(Source data)
▬▬▬

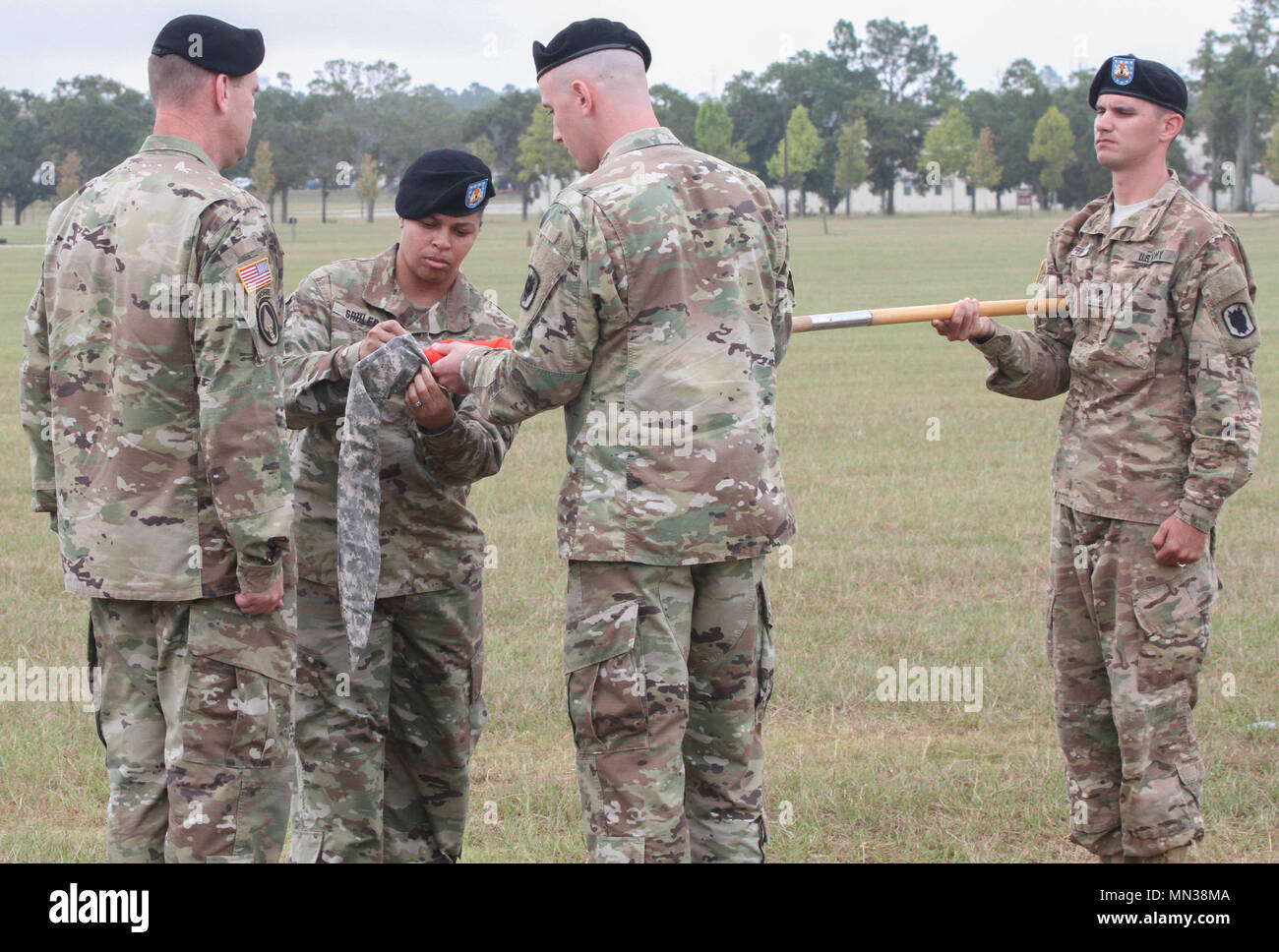 FORT GORDON, GA – Col. Chris O’Connor (left), commander, 35th Theater Tactical Signal Brigade, Capt. CPT Clayton E. Mosley (right), commander, 518th TIN Company and Master Sgt. Patrice Shuler (center), senior enlisted advisor, 518th TIN Company casing the company guidon during the 518th Deactivation Ceremony held 31 August at Barton Field’s Reviewing Stand. (U.S. Army photo by Sgt. Victor Everhart Jr.) Stock Photo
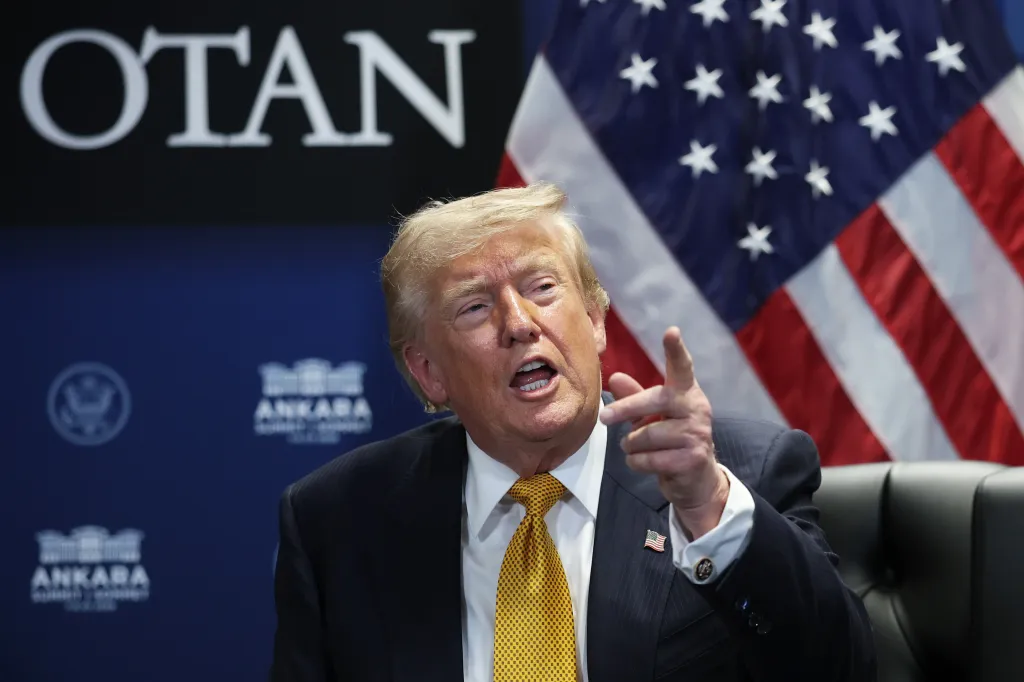 US President Donald Trump speaks at the NATO Summit in Ankara, with a US flag and 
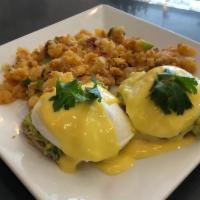 Guacamole Benedict · 2 poached eggs, guacamole and Hollandaise sauce on multi-grain English muffin served with ho...
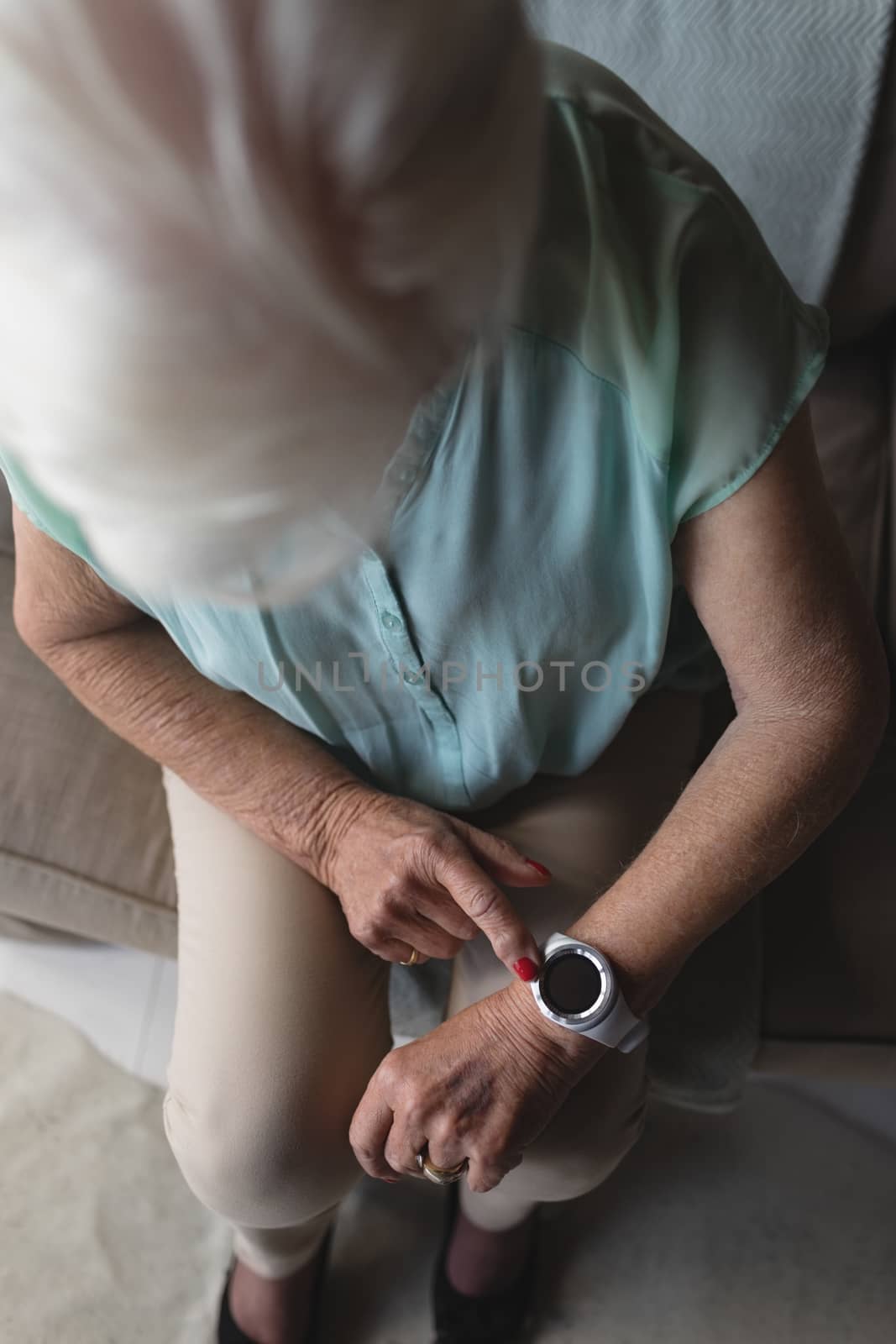 High angle view of a senior woman checking time on her wristwatch at home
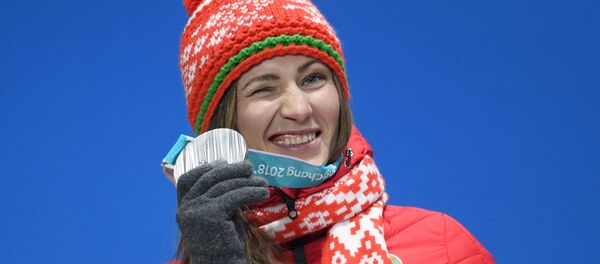 Олимпийская чемпионка Дарья Домрачева Олимпийская чемпионка Дарья Домрачева - Sputnik Беларусь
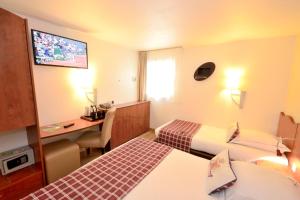 a hotel room with two beds and a desk at Greenhotels Roissy Parc des Expositions in Tremblay-En-France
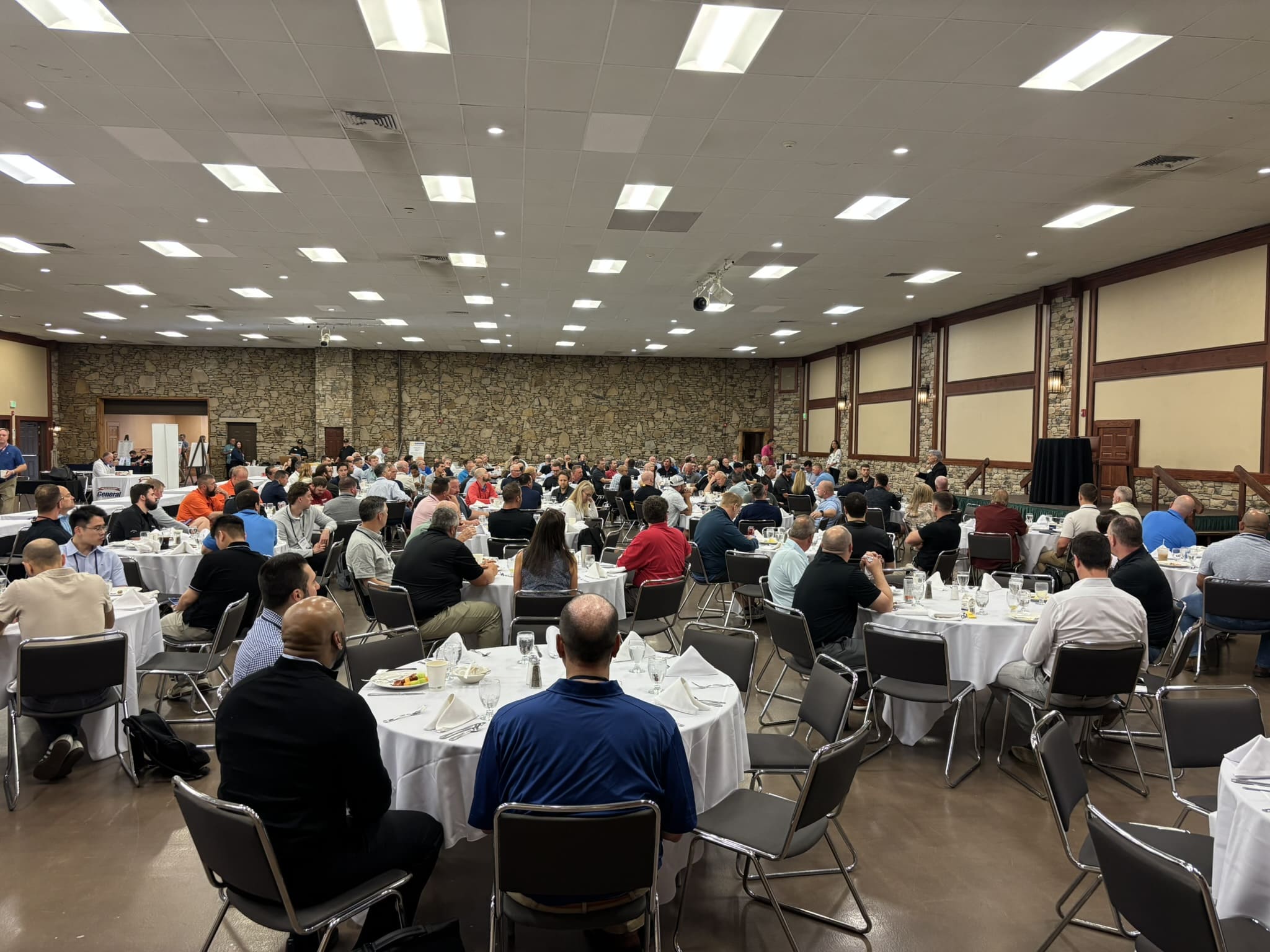 Large banquet hall filled with people seated at round tables for a formal meal.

▬▬▬

WHAT YOU SHOULD DO: Only the text of the records belongs in the answer, printed exactly and without pictures.

RESPONSE BOX:
 FORT GORDON, GA – Col. Chris O’Connor (left), commander, 35th Theater Tactical Signal Brigade, Capt. CPT Clayton E. Mosley (right), commander, 518th TIN Company and Master Sgt. Patrice Shuler (center), senior enlisted advisor, 518th TIN Company casing the company guidon during the 518th Deactivation Ceremony held 31 August at Barton Field’s Reviewing Stand. (U.S. Army photo by Sgt. Victor Everhart Jr.) Stock Photo
 US President Donald Trump speaks at the NATO Summit in Ankara, with a US flag and 
 Guacamole Benedict · 2 poached eggs, guacamole and Hollandaise sauce on multi-grain English muffin served with ho...
 High angle view of a senior woman checking time on her wristwatch at home
 Олимпийская чемпионка Дарья Домрачева Олимпийская чемпионка Дарья Домрачева - Sputnik Беларусь
 a hotel room with two beds and a desk at Greenhotels Roissy Parc des Expositions in Tremblay-En-France
 Large banquet hall filled with people seated at round tables for a formal meal.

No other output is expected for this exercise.